FDA-ARGOS FAQs

From HIVE Lab
Jump to navigation Jump to search
What is the ArgosDB and how is it organized?

ArgosDB was developed as a result of expanded funding for the FDA-ARGOS project, which is described in detail in the About page of this website. The database stores cross-kingdom QC attributes of clinically relevant organisms organized into respective datasets. The current datasets (as of March 2025) are: ngsQC_ARGOS, ngsQC_ARGOS_unreviewed, assemblyQC_ARGOS, assemblyQC_ARGOS_unreviewed, biosampleMeta_ARGOS, and biosampleMeta_ARGOS unreviewed. The original four key datasets are ngsQC_HIVE, assemblyQC_HIVE, siteQC_HIVE, and biosampleMeta_HIVE. These datasets are associated with core QC protocols, which are documented via Biocompute Objects (BCO) and organized under their BCO IDs.

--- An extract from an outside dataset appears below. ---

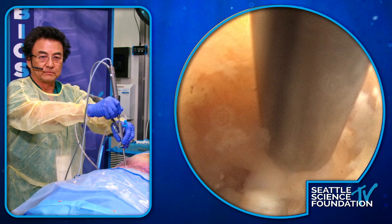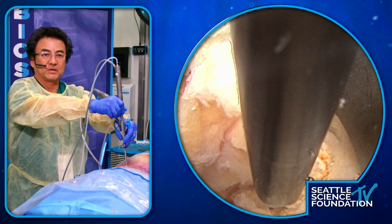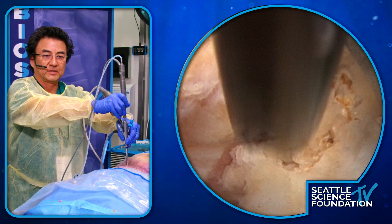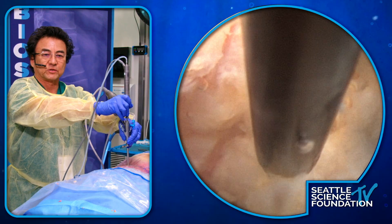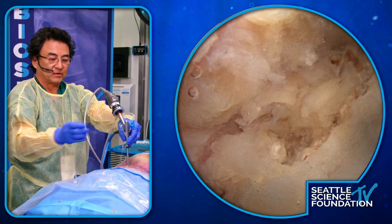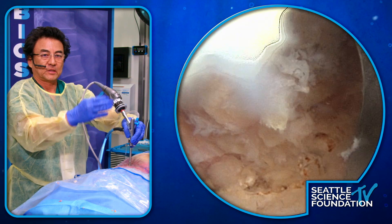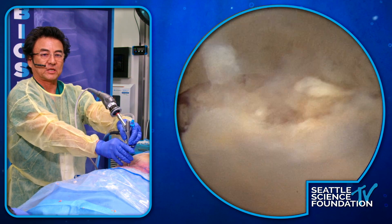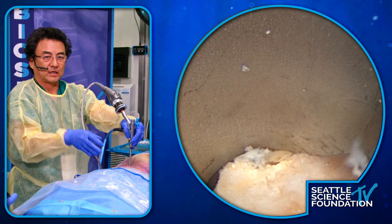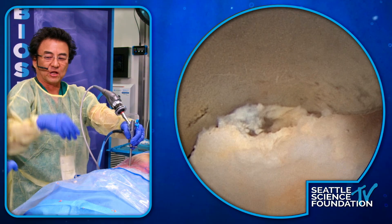Can you show us outside the cadaver how the tip looks so we can understand how this works? It's a circle — a little tube that's hollow in the middle — so it almost works like a burr. There's also a blade attachment; it looks like the end of a butter knife. A lot of people want to make a really sharp cut, but I personally like to make little circular resections.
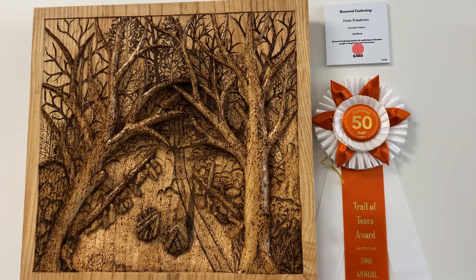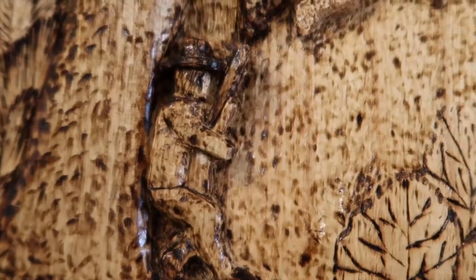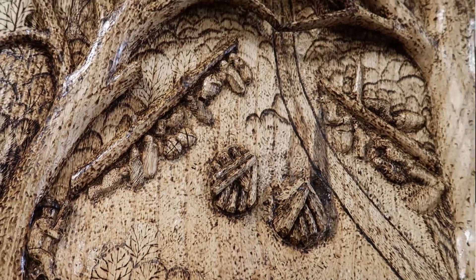I won the Trail of Tears Award this year, and the piece is called Removal Gathering. I made it to where it looked like an armed guard was guarding a group of Indians sleeping on the ground, and they were going to move them the next day up to a stockade and prepare them to put them on the Trail of Tears and remove them.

When new QC data has been produced per an organism of interest, the respective dataset(s) is/are appended, which is documented per data release in the FDA-ARGOS GitHub (https://github.com/FDA-ARGOS). All datasets are in alignment with the current data dictionary (v1.6 as of March 2025), which guides the QC process for that dataset as well as the column headers for a given dataset. Datasets are available as either .tsv or FASTA files if associated with a genome assembly, and all datasets and BCOs are available for download. All data provenance and curation are captured and reproducible via their BCO. Additional datasets include data from the original FDA BioProject, the Data Dictionary, Drug Resistance Mutations, Genome Assemblies (multiple), and a mapping key that assists in linking all the available data via important accessions.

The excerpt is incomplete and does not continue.